*TASK OBJECTIVE*
Transcribe only the last portion of the material: exactly the lines from the one with "Bild des wichtigsten" through the end, inclusive.
----------
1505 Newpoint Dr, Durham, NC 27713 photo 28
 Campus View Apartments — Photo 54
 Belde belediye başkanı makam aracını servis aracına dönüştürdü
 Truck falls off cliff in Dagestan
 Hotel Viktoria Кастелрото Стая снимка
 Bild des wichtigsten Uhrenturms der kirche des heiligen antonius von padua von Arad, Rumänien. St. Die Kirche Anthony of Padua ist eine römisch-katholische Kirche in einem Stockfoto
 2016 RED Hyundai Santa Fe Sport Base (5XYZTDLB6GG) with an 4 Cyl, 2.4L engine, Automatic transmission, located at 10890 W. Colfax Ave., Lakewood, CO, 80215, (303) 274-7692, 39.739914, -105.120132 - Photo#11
----------
*RESPONSE TO THE TASK*
 Bild des wichtigsten Uhrenturms der kirche des heiligen antonius von padua von Arad, Rumänien. St. Die Kirche Anthony of Padua ist eine römisch-katholische Kirche in einem Stockfoto
 2016 RED Hyundai Santa Fe Sport Base (5XYZTDLB6GG) with an 4 Cyl, 2.4L engine, Automatic transmission, located at 10890 W. Colfax Ave., Lakewood, CO, 80215, (303) 274-7692, 39.739914, -105.120132 - Photo#11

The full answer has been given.